__Assigned task__:
In full and word for word, copy the listing; no pictures belong in the copy.

__Recorded information__:
****************

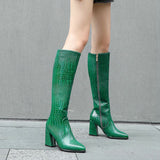 Green-Snake-Print-Boots-model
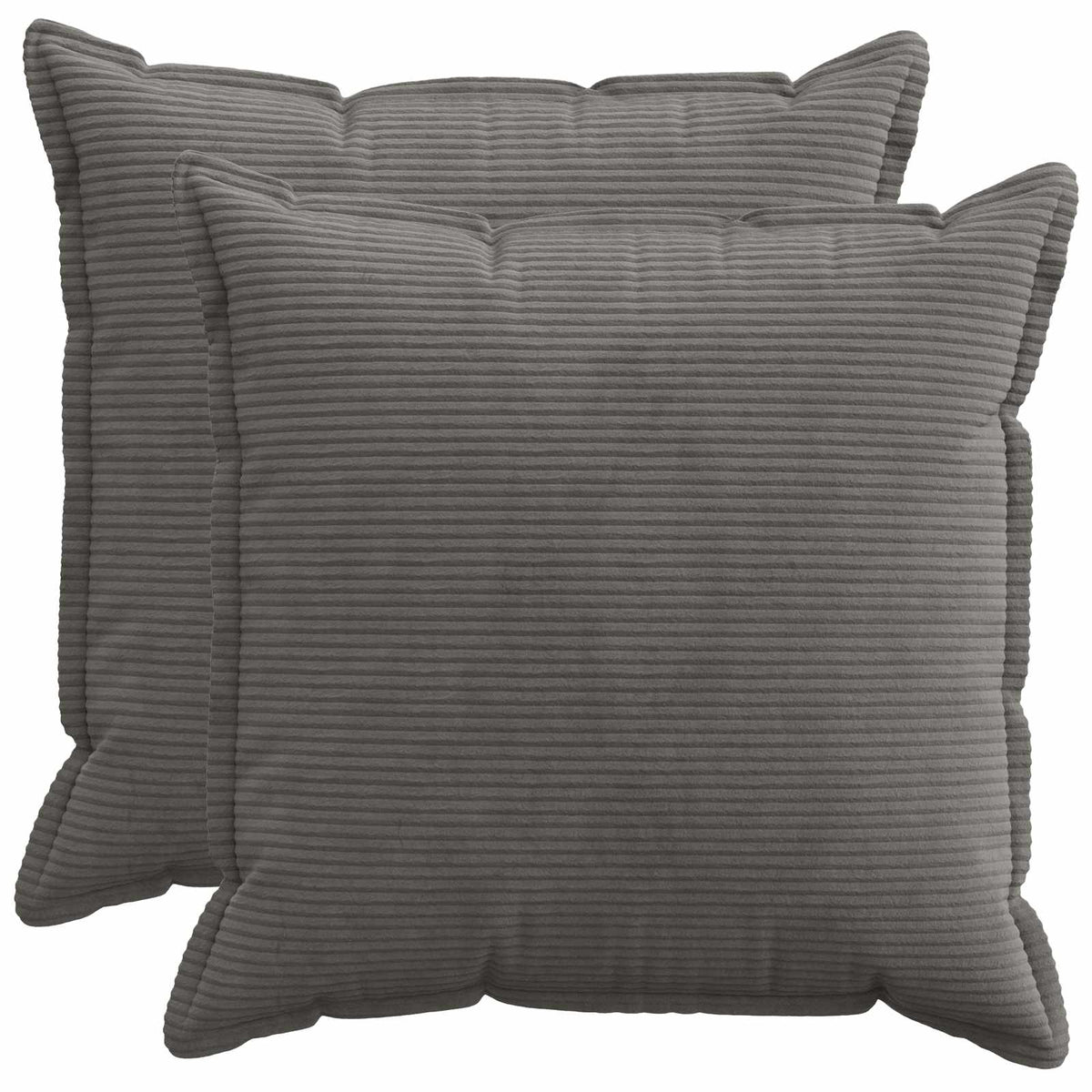 Kussensloop 2 st HOUTEN Donkergrijs 70 x 70 cm corduroy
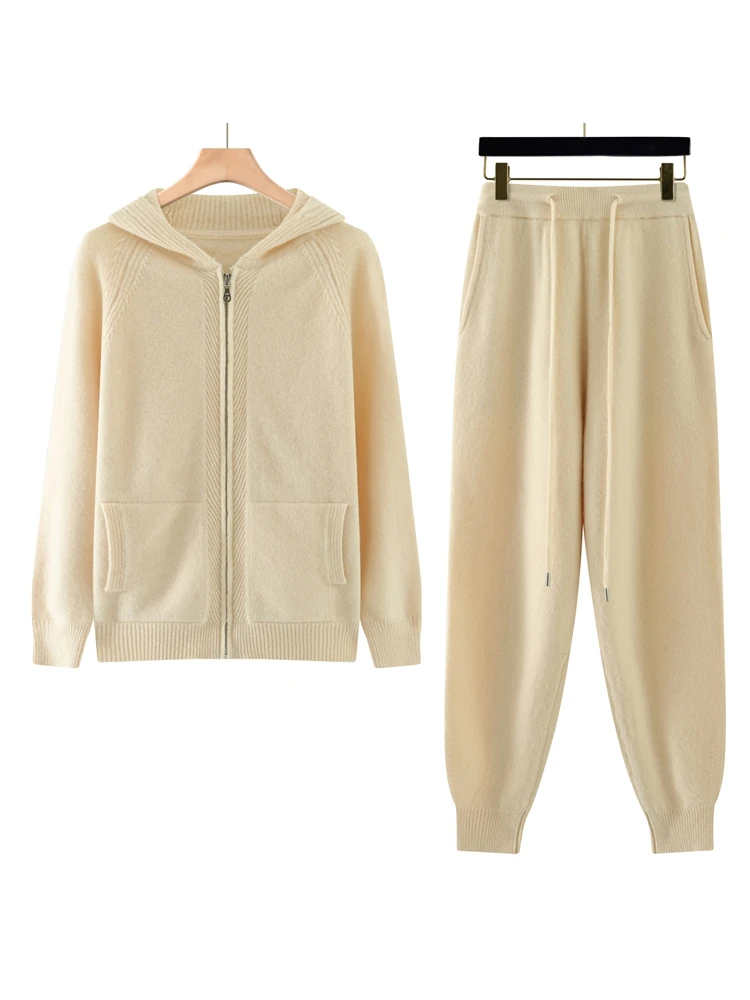 Women's New Wool Knit Zip Up Cardigan Leisure Leg Pants Set Soft Fabric High Elastic Waist Autumn Winter Fashion Hooded Sweater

****************

__Answer space__:
 Green-Snake-Print-Boots-model
 Kussensloop 2 st HOUTEN Donkergrijs 70 x 70 cm corduroy
 Women's New Wool Knit Zip Up Cardigan Leisure Leg Pants Set Soft Fabric High Elastic Waist Autumn Winter Fashion Hooded Sweater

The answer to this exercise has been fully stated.